Tuesday, November 4, 2008

White Space Vote and HCI

As I mentioned in class, the FCC just voted on the White Space issue.  This is important:

FCC Expands Use of Airwaves

Preachers on the pulpit, Guns N' Roses and others who fear their wireless microphones would be disrupted by widespread public access to certain unused airwaves were drowned out by high-tech titans Google and Microsoft in a federal ruling yesterday.
The Federal Communications Commission approved a plan that would allow those airwaves, called white spaces, to be used by gadgets such as cellphones and laptops connected to the Internet once that spectrum becomes available after the national transition from analog to digital television in February.

Monday, November 3, 2008

Ubiquitous Computing Still Hasn't Disappeared

Abowd and Mynatt's (2000) fascinating and prescient article, "Charting Past, Present, and Future Research in Ubiquitous Computing," offers insight not just for ubiquitous computing (ubicomp) researchers but anyone with an interest in technology design for "everyday living," as they put it.  Their essay examines ubicomp work during the 90s and offers a series of useful guidelines for thinking about ubicomp in context as well as recommendations for future research. 

The remarkable diffusion of computing into our physical world represents more than just easily available technology, rather, "it suggests new paradigms of interaction inspired by constant access to information and computational capabilities" (28).  These new interactions are easy to spot, especially in the last few years as mobile platforms like the iPhone have changed the way many people relate to their data as well as how they act in social situations (i.e., taking calls when with a friend, texting while someone is trying to talk to you or my favorite: The play-with-my-phone-to-avoid-the-pain-of-this-awkward-silence game). 
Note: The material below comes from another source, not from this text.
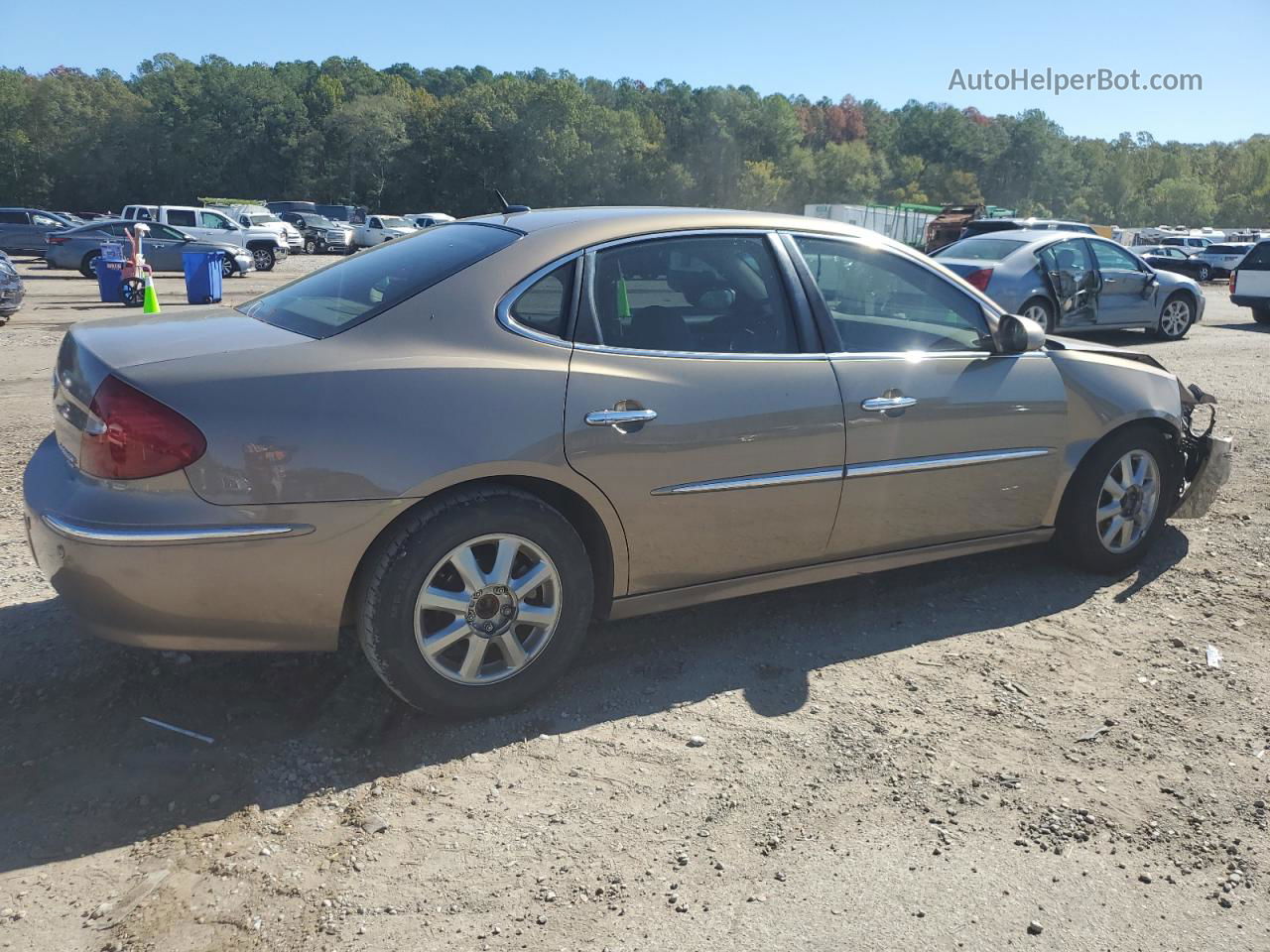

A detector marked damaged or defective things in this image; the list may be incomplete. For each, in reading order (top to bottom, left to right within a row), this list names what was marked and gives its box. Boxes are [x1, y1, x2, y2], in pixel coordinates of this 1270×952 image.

damaged silver car [17, 207, 1229, 715]
damaged front bumper [1168, 383, 1229, 523]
So, how far have we come since 2000?  Abowd and Mynatt argue that, "current systems focus their interaction on the identity of one particular user, rarely incorporating identity information about other people in the environment.  As human beings, we tailor our activities and recall events from the past based on the presence of other people" (37).  I agree with the statement, but times have changed.  We are now deeply involved in the context of others
, though often it can be construed as superficial.  Social networks like Twitter and Facebook allow us to broadcast our feelings and daily adventures.  However, is this what the authors had in mind?  Though we have made much "progress" in blending others into our digital lives, most of this information is focused on the present, and in the case of Twitter, it is the micro-present.  Our dominant, seemingly ubiquitous social networks are designed for the present.  Twitter, in particular, is designed to encourage micro-updates of 140 characters maximum. 

Much of our technology is designed for the now
, but where is our past represented in the digital ecology?  I argue that we do have an astonishing digital past in the form of email and instant messaging archives.  (text messages are not saved to a central server by default, so they seem, unfortunately, to live in a state of constant disappearance.) Arguably, there has never been a time in history when the historical record has been more complete or rich.  People who would never write thousands of letters do write as many emails, and they are (hopefully) preserved in archives.  The question I have for ubicomp is this: How can we design ubiquitous devices and software to somehow harness the power of our rapidly growing personal archives?  In other words, how (or even should we) incorporate the past into our ubiquitous digital lives?  What could we learn about ourselves if we had a way (if we choose) to harness and easily visualize our past using ubicomp techniques?  The mobile phone seems to be the key.  What if you bought a pack of cigarettes and instead of your phone showing a waring that smoking kills, it popped up with a quote from an email you received three months earlier from your wife that said "Please don't smoke.  I don't want you to get sick."  This would incorporate our present environment, our past and our future health all using ubicomp.   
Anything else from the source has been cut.